Consider a matrix $A \in \mathbb{R}^{n \times m}, n > m$ with independent columns and non-negative entries.
Consider the oblique pseudo-inverse of $A$, i.e. the matrix $A^\dagger_B = (B
^\top A)^{-1} B^\top$ for some $B \in \mathbb{R}^{n \times m}$ such that the inverse $(B^\top A)^{-1}$ exists.
Characterize the class of $B$s for which the matrix $A^\dagger_B$ has non-negative entries.
Edit:
There was a typo (now corrected) in the previous version of this post in the definition of $A^\dagger_B$. $A^\dagger_B$ fulfills the following Moore-Penrose conditions for any choice of $B$ such that the inverse $(B^\top A)^{-1}$ exists.
- (1) $A A^\dagger_B A = A$
- (2) $A^\dagger_B A A^\dagger_B = A^\dagger_B$
- (4) $A^\dagger_B A = I$ is symmetric
The condition
- (3) $AA^\dagger_B$ is symmetric
is only true for $B=A$, when $A^\dagger_B$ becomes the standard Moore-Penrose pseudoinverse.

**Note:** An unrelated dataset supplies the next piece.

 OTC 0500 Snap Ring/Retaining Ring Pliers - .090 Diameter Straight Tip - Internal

I am aware of the following result for the special case of $B = A$, i.e. the Moore-Penrose pseudoinverse: given a non-negative $A$, $A^\dagger$ is non-negative if and only if rows of $A$ are (up to a permutation) composed of rank-1 blocks orthogonal to each other ("Nonnegative Matrices in the Mathematical Sciences", A. Berman, R. J. Plemmons, Theorem 5.2).

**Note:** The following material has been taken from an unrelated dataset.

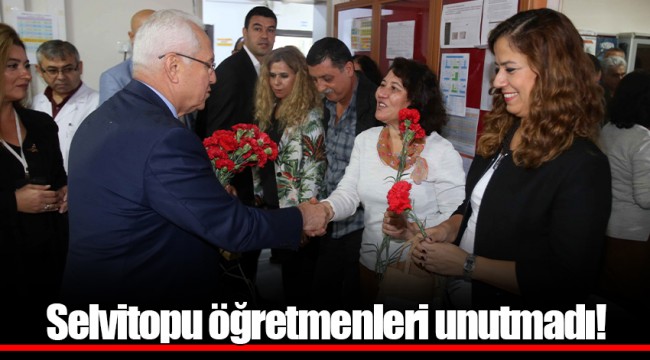 Selvitopu öğretmenleri unutmadı!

I am wondering whether the class of matrices having the desired property is richer in the oblique case.
Best Answer
It turns out the condition $A^\dagger_B A = I$ together with the non-negativity implies that you cannot have more than one non-zero entry in any column of $A^\dagger_B$. Hence the answer for the oblique case is the same as for the usual Moore-Penrose pesudo-inverse.